Because of the distinction of roles within many of these programs, children’s experiences are often attended to by the children’s services staff. This team is tasked with developing and offering activities for children from birth to 18 years old, celebrating birthdays, and working closely with the parents around referrals to child care, community resources, and treatment for their children. This staff and the case managers work diligently to attend to the needs of all family members during their stay. However, given the complexities of holding the competing needs of children and adults side-by-side, it is common that communication fails or becomes conflictual between the two services, one representing the child’s experience, the other the adult’s. The consultant supports shelter staff to consider the impact of parents’ experiences on their children as well as children’s experiences on their parents and encourages communication between the case managers and children services staff.

The consultant works closely with the children’s services staff to think about the unique impact of homelessness on children and their relationships. Carlos is only 3 years old, but he has already experienced the loss of contact with his father. Significant disruptions of primary relationships are common and traumatic in children’s lives while homeless. In addition to enhancing staff’s capacity to provide consistency and continuity in their programming for children, the consultant works with staff to implement institutional rituals that support children’s experiences. For example, through a goodbye protocol, space is created for children to say goodbye to peers and staff when they exit the shelter. When possible, staff prepares a gift basket for exiting families and provides opportunities for children to draw pictures or make goodbye books before leaving.

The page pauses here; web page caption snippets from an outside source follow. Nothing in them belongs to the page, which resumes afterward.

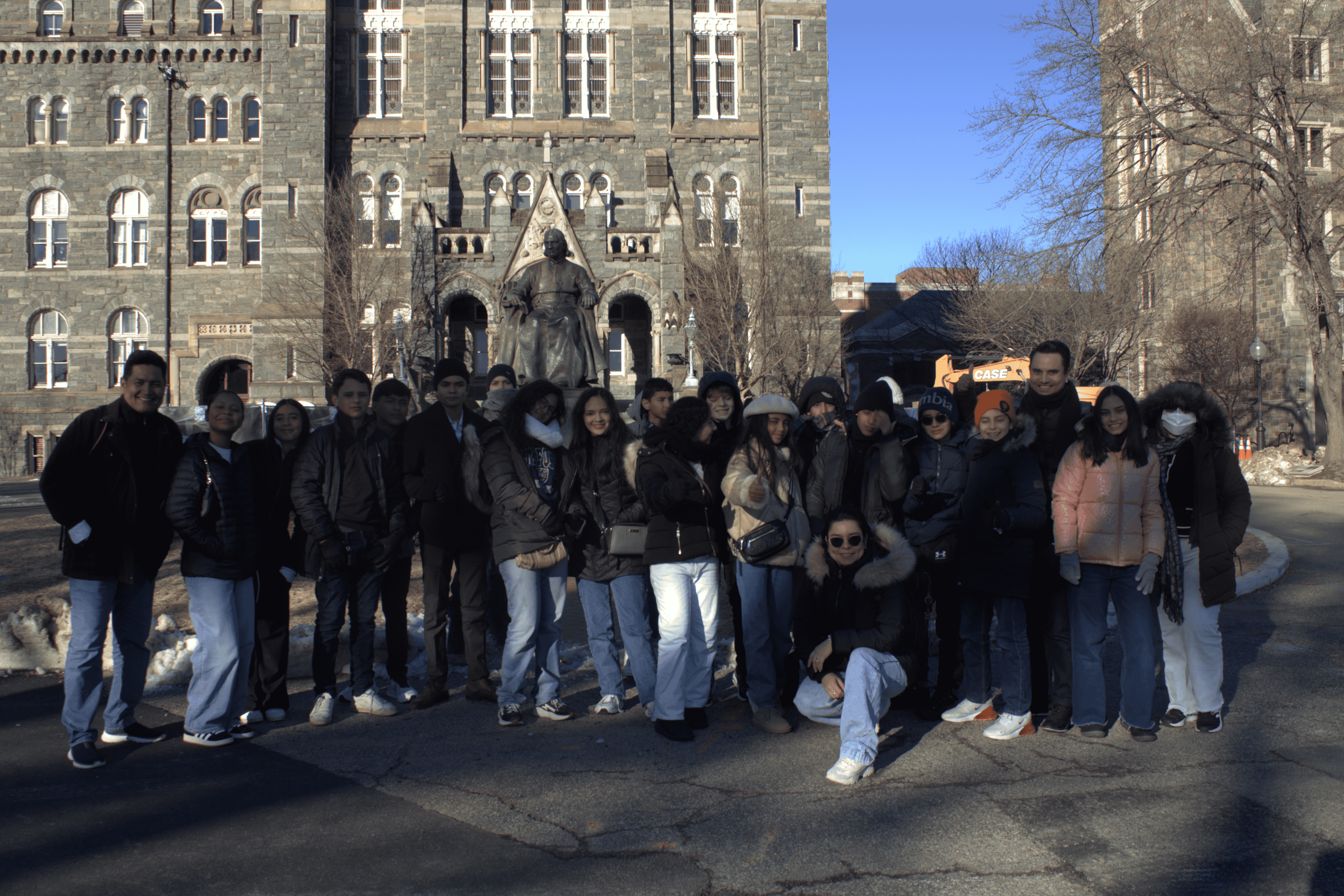 Group of diverse young people standing outdoors in front of a historic stone building with a statue of a man sitting on a chair at its center. The scene is set on a clear winter day with some snow on the ground and bare trees.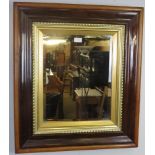 An antique rosewood, walnut and parcel gilt bevelled rectangular wall mirror. Condition report: No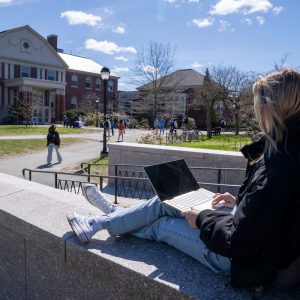 A student sits on a stone ledge outside on a sunny day, working on a laptop with legs crossed.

Trauma tends to fragment experiences both in individuals and in institutions. Using fragmentation as a way to cope, coupled with the pain of witnessing the suffering of people, especially the young and most vulnerable, influences how staff respond to families. In shelters where families’ lives are organized around overwhelming experiences, incorporating a trauma-informed approach to ECMHC is an essential ingredient to enhance the voices of the youngest and maintain effective collaboration with staff.